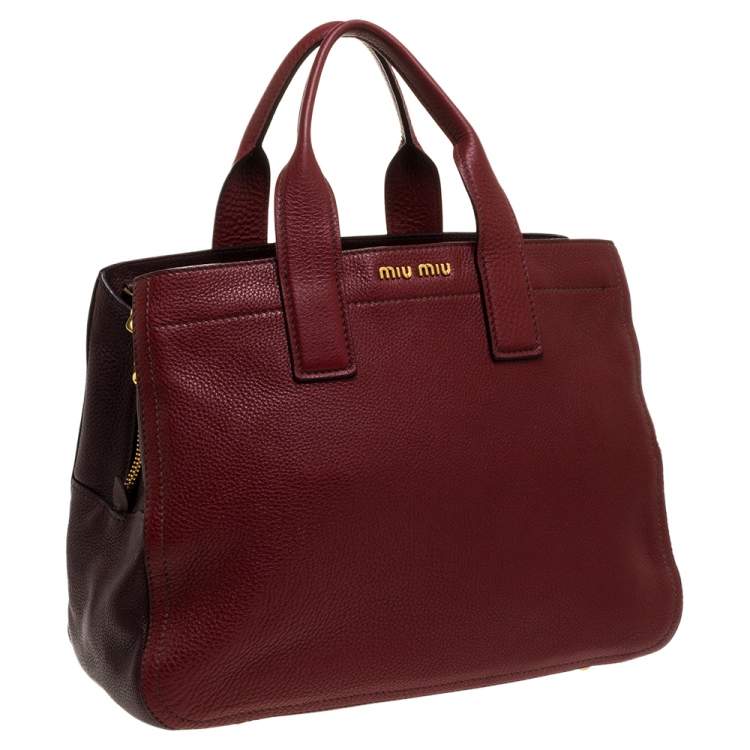 Pre Owned Miu Miu Red/Maroon Vitello Caribu Leather Zipped Tote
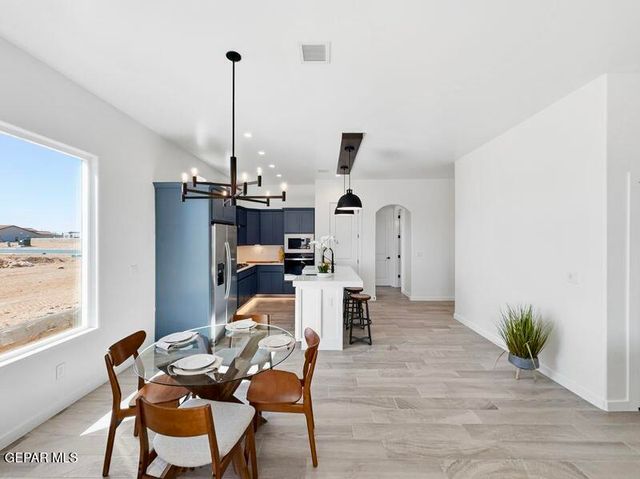 656 Paseo Campanero Street, Horizon City, TX 79928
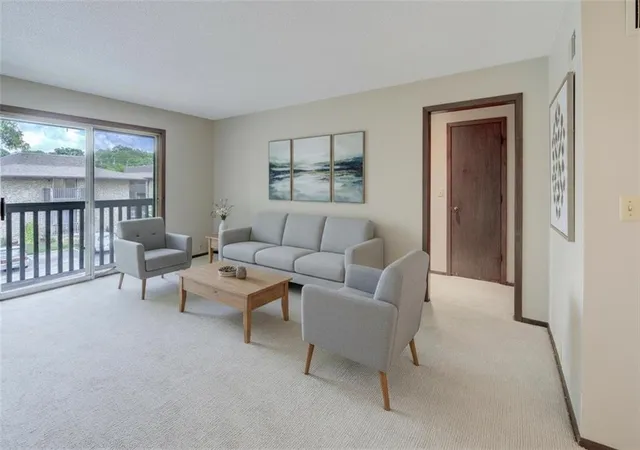 Photo 3 of Sale Pending at 433 W 104th Street #C, Kansas City, MO 64114 | MLS# 2623425 | Listing updated on 2026-09-30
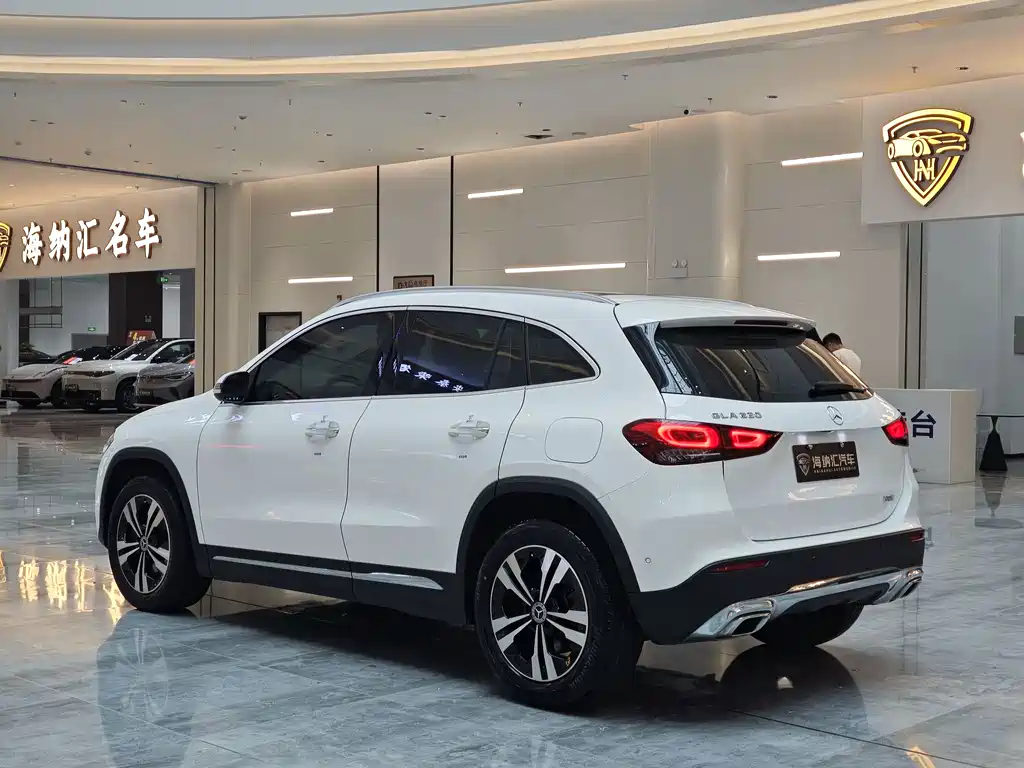 Mercedes-Benz GLA GLA 220
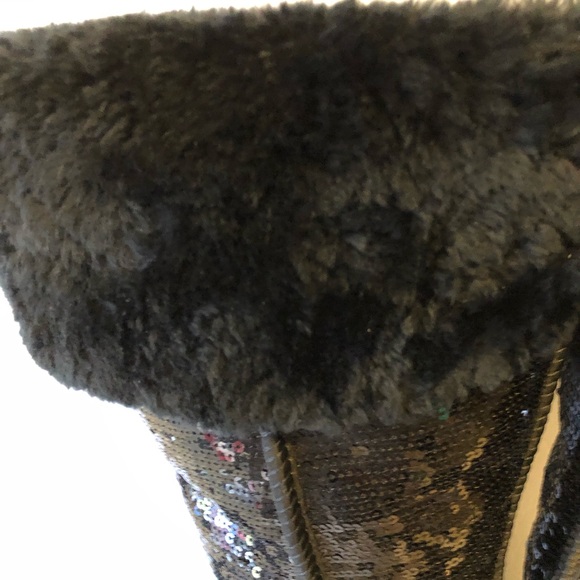 UGG Size 5 OVER the Knee Sparkle Sequins Black Bailey Button Boots Fur 3173. - Picture 8 of 12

..............................

YOUR INSTRUCTIONS>
In the records above, find the line that contains "Mercedes-Benz GLA GLA 220". Retype it and every line after it, exactly, leaving out all pictures.

RESPONSE BOX>
 Mercedes-Benz GLA GLA 220
 UGG Size 5 OVER the Knee Sparkle Sequins Black Bailey Button Boots Fur 3173. - Picture 8 of 12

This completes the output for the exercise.